* **Required work**:
When you reach a picture, skip it, and retype every line below exactly.

* **Material provided**:
# # # #

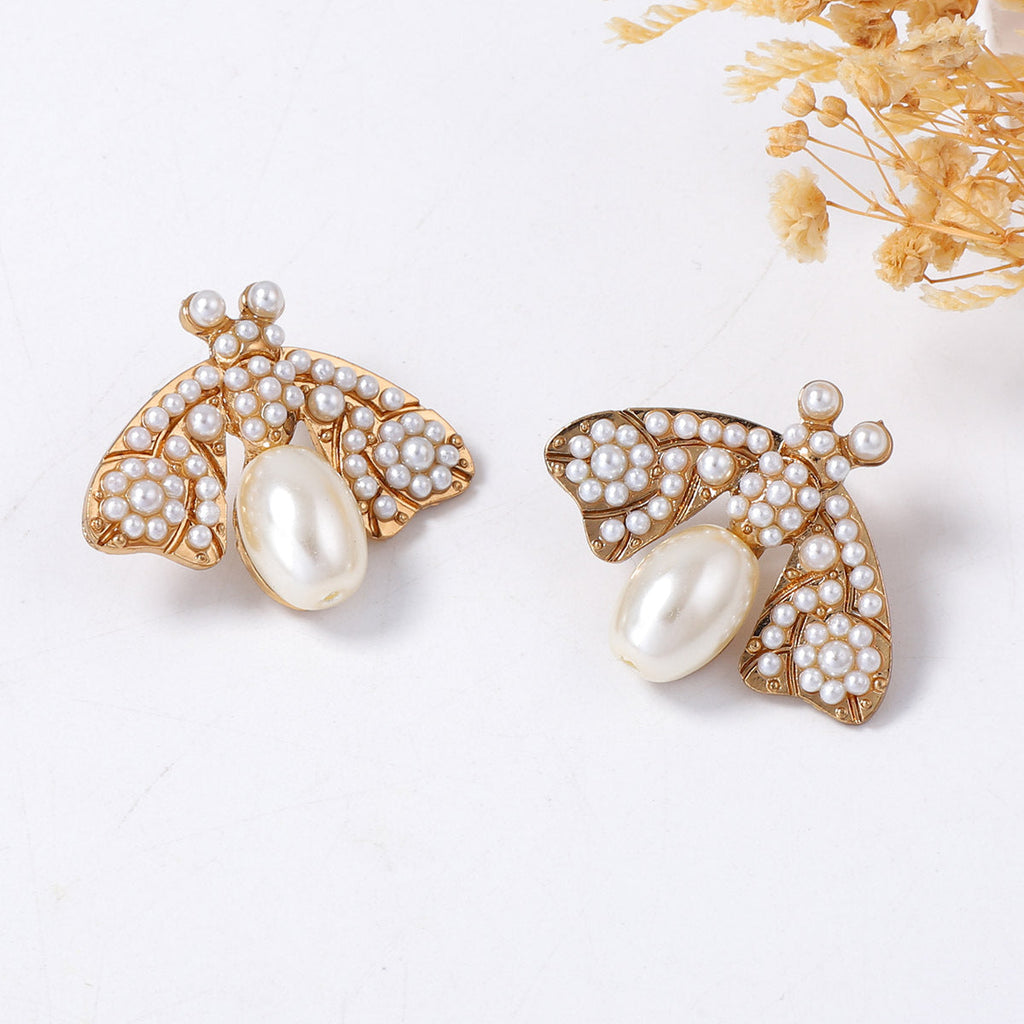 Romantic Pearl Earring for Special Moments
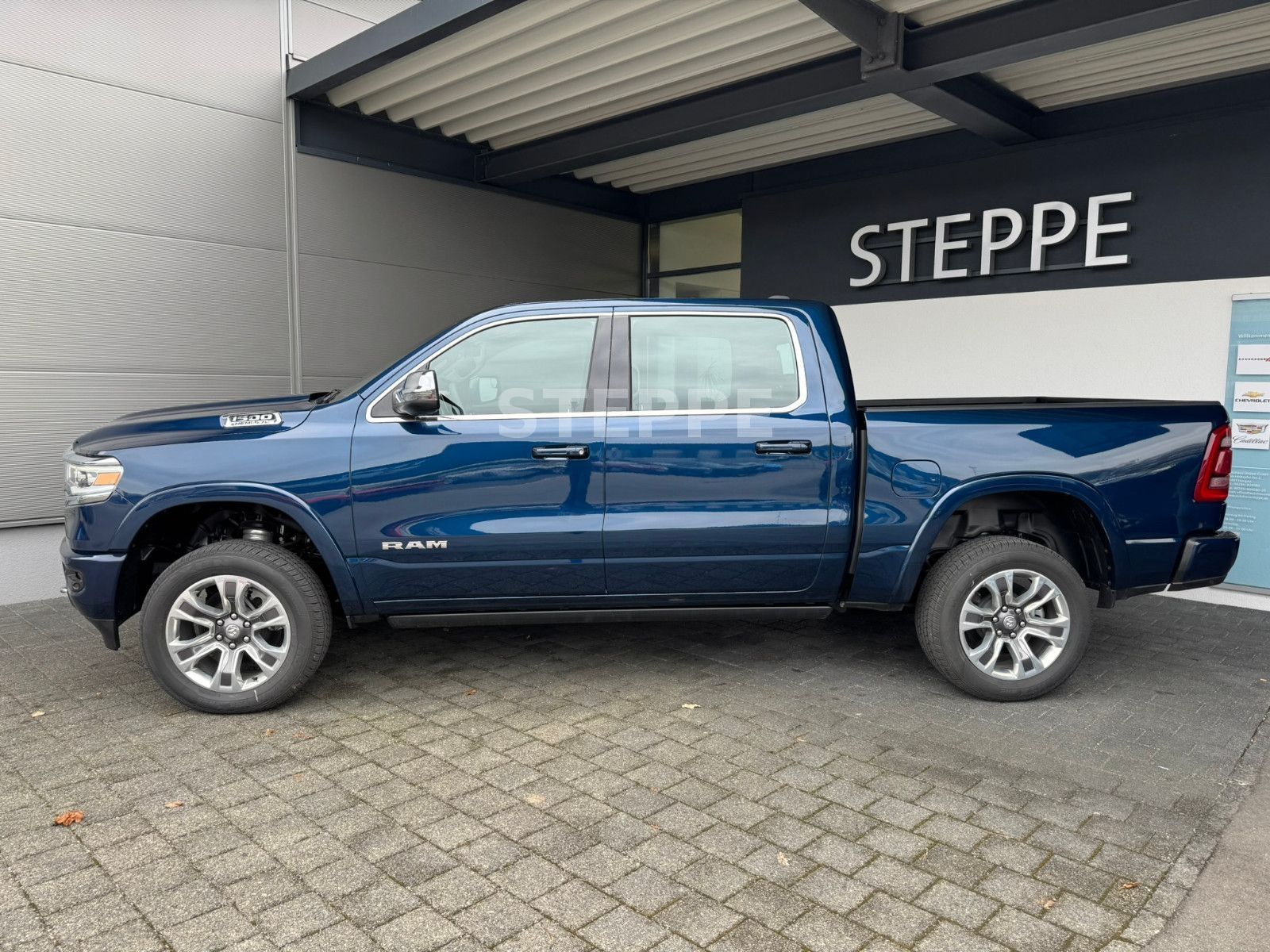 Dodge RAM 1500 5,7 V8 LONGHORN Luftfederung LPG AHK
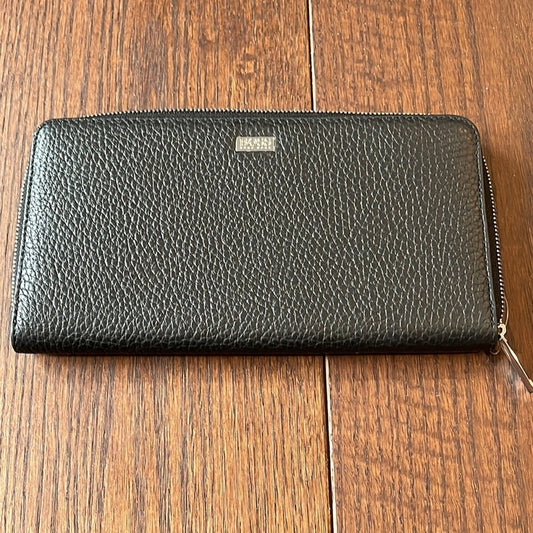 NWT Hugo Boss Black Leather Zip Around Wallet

# # # #

* **Task answer**:
 Romantic Pearl Earring for Special Moments
 Dodge RAM 1500 5,7 V8 LONGHORN Luftfederung LPG AHK
 NWT Hugo Boss Black Leather Zip Around Wallet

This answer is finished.